START Dataset records

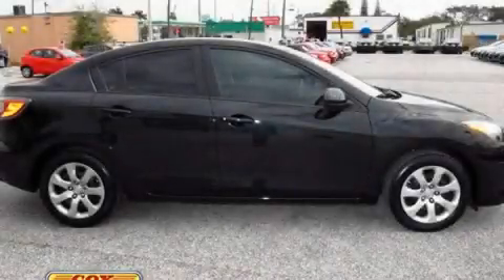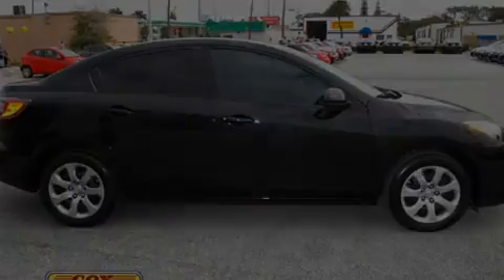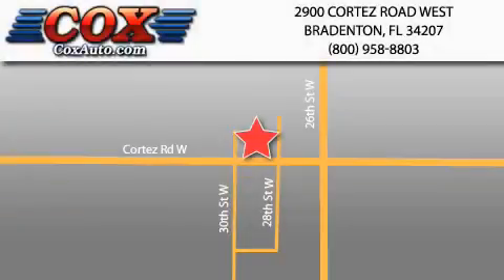Call or visit us right now and arrange your test drive today. Be sure to take advantage of our first year complimentary basic maintenance on every pre-owned vehicle purchased from Cox Automotive.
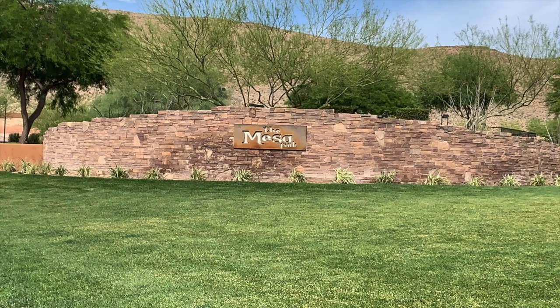Right now I'm at Mesa Park, and it is a huge park. From what I can see, there are three baseball fields, a tennis court, an open play area, and the park itself is huge.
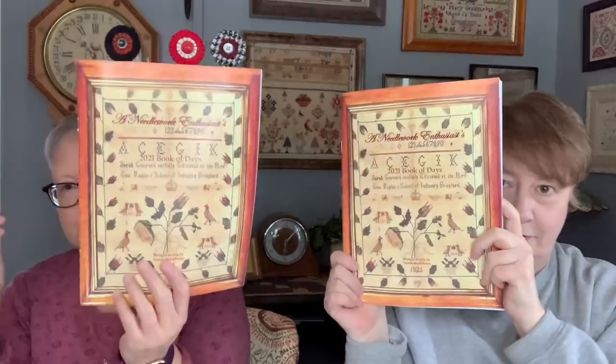We have had a lot of questions about where we get our Book of Days. It is by Needlework Press. It can be found at any local needlework store — I don't think you can get it on Amazon. Vicki only sells to local needlework stores. If you can't find it, Vicki's local shop is The Attic, and they keep them well stocked. Call The Attic and order it from there.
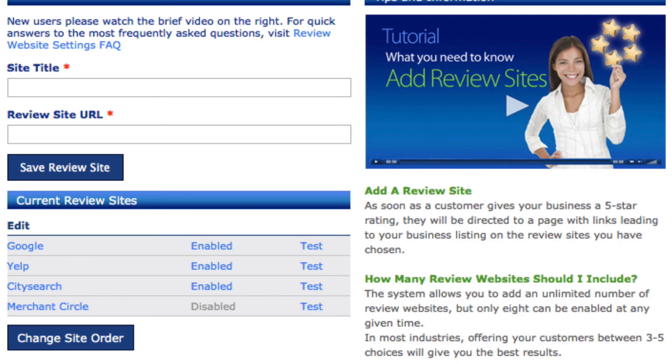That is how you set up your Review Website Settings. In the next video we're going to talk about the Review Request Settings.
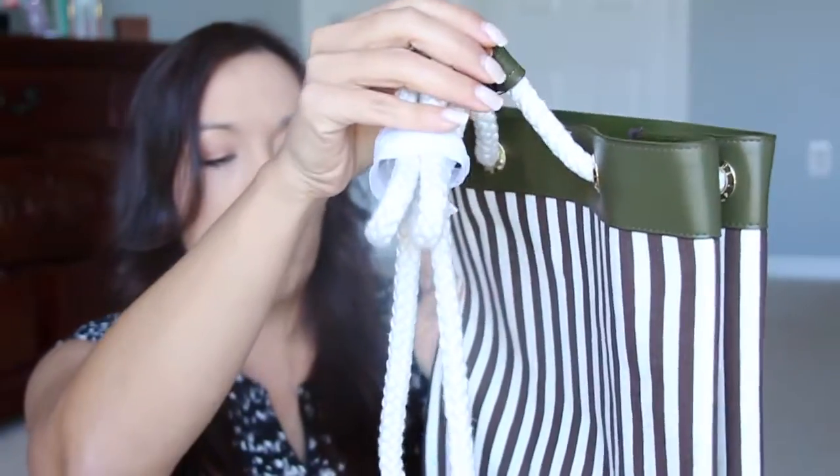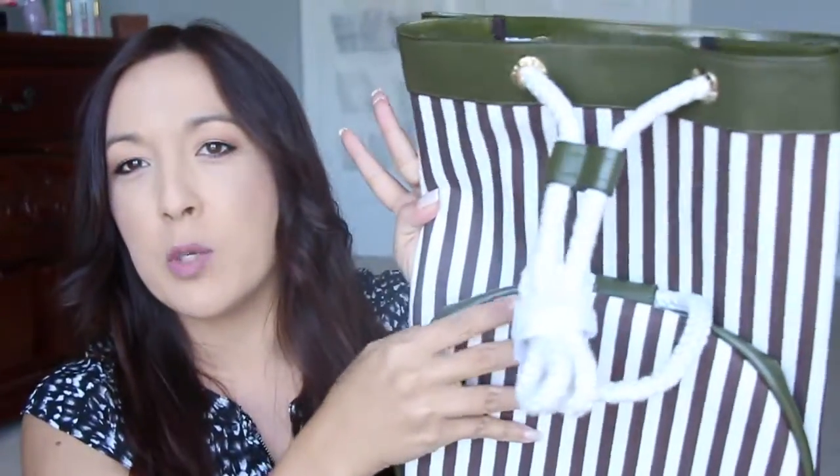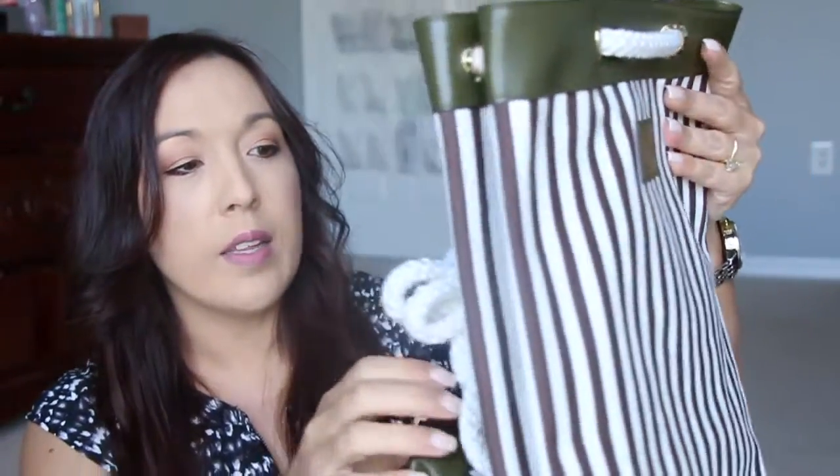I am going to be doing a giveaway. I'm going to figure out some things I want to include. I have this bag from Henry Bendel — it's like a canvas backpack, kind of a beach bag. The retail value is around $80 to $100. I'm going to be doing a giveaway with this — I just want to think about what I want to put with it. It's really cute — it's like an army green color here, with black and kind of beige striped. I think it's nice.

END Dataset records

The required output is the lines from the one containing "That is how" through the end of the data, printed exactly, with no pictures.

=== Result for this task ===
That is how you set up your Review Website Settings. In the next video we're going to talk about the Review Request Settings.
I am going to be doing a giveaway. I'm going to figure out some things I want to include. I have this bag from Henry Bendel — it's like a canvas backpack, kind of a beach bag. The retail value is around $80 to $100. I'm going to be doing a giveaway with this — I just want to think about what I want to put with it. It's really cute — it's like an army green color here, with black and kind of beige striped. I think it's nice.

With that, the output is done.